The deeply flawed notion that the US should “lead” in Asia rather than China – a nation actually residing in the region – is at the root of US-Chinese tensions – tensions driven entirely by Washington’s unreasonable pursuit of unwarranted influence in – even primacy over the Indo-Pacific Region.
Foreign Policy would also note:
…there is growing concern about how to nudge a politically wary Japan to boost its missile defenses, while hardening the U.S. presence that’s increasingly vulnerable to improving Chinese missiles.
And that:
Japan already has Aegis-class destroyers equipped with SM-3 missiles offshore, which the United States helped develop, and is a co-producer in the F-35 program. But last June, Tokyo canceled delivery of the U.S. Aegis Ashore missile system, a shore-based missile-defense system, pushing instead to develop a domestically produced solution. That’s another area where the Pentagon may press the Japanese.
SM-3 missiles used on Aegis-class destroyers as well as with Aegis Ashore systems are manufactured by Raytheon – an arms manufacturer Lloyd Austin sat on the board of directors of until being brought in as Biden’s Secretary of Defense.
In essence, a former Raytheon director will be selling missiles for Raytheon in his official capacity as Secretary of Defense – and based on the supposed threat of China – the largest economy and most populous nation in the region – “leading” rather than the US.
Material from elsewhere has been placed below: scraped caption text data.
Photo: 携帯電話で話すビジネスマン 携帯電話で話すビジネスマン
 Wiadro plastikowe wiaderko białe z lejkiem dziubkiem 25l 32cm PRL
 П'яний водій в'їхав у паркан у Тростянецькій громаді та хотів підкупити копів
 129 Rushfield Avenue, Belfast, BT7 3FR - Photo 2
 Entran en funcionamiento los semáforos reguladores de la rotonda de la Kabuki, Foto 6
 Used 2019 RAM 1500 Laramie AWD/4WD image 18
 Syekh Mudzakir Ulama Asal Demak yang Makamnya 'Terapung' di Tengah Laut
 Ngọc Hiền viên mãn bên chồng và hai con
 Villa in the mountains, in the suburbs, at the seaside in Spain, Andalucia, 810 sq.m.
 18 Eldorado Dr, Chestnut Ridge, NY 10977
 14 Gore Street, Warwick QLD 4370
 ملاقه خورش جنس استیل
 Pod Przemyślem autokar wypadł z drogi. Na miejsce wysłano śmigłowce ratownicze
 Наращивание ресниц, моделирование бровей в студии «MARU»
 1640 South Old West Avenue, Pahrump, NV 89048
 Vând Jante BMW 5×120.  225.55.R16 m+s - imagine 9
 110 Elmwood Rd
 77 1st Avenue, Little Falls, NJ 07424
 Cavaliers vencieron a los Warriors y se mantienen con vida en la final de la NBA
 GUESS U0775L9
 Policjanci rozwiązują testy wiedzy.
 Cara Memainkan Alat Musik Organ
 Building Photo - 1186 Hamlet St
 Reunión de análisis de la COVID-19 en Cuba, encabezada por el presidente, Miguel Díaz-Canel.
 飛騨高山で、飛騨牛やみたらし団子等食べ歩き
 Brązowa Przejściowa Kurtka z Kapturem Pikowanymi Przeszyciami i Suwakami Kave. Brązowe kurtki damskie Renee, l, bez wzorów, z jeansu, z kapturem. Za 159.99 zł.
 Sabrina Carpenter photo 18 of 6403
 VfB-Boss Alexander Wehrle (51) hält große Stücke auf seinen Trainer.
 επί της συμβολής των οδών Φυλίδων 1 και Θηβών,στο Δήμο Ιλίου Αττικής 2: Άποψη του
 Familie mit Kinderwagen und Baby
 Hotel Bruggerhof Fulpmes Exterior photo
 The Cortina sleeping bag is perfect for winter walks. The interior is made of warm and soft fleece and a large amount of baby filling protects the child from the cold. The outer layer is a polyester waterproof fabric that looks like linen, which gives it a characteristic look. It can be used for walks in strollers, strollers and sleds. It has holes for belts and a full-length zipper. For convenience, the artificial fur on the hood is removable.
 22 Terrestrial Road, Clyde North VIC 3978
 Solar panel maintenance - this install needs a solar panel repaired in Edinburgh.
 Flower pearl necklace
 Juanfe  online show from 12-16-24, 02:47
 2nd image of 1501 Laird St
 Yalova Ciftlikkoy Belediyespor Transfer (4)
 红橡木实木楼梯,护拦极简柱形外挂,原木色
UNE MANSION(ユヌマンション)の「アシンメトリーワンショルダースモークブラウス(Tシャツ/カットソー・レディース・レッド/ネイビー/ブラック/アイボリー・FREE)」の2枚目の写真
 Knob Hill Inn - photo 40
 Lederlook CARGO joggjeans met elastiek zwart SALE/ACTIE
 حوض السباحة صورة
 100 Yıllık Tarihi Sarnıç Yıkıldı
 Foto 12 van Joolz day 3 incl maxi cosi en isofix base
To paper over the corruption at the very core of US foreign policy – the US pursues a propaganda war against China – citing manufactured and patently false claims of “repression” and “abuse” everywhere from Hong Kong and Taiwan to Xinjiang and Tibet.
A 2019 US State Department strategy paper titles, “A Free and Open Indo-Pacific: Advancing a Shared Vision,” would repeat these false claims, stating:
The People’s Republic of China (PRC) practices repression at home and abroad. Beijing is intolerant of dissent, aggressively controls media and civil society, and brutally suppresses ethnic and religious minorities. Such practices, which Beijing exports to other countries through its political and economic influence, undermine the conditions that have promoted stability and prosperity in the Indo-Pacific for decades.
It is difficult to understand what “stability” and “prosperity” the US is referring to.
It is amid China’s rise that the region enjoys unprecedented levels of both as well as accelerated development through projects built in cooperation with China – and all in stark contrast to the decades of war triggered by US interventions on the Korean Peninsula and all across Southeast Asia as part of its Vietnam War and adjacent military operations.
These were conflicts that have left the region permanently scarred and in several instances – such as the residual impact of chemical weapons used in Vietnam or unexploded ordnance dropped by the US over nations like Laos – are still disfiguring and killing people to this day.
Underneath this thin and peeling layer of US propaganda lies the truth of waning American primacy around the globe and the fundamental lack of interest by Washington and Wall Street to adjust US foreign policy toward a cooperative and constructive role among the nations of the world rather than unobtainable aspirations to dominate over all other nations.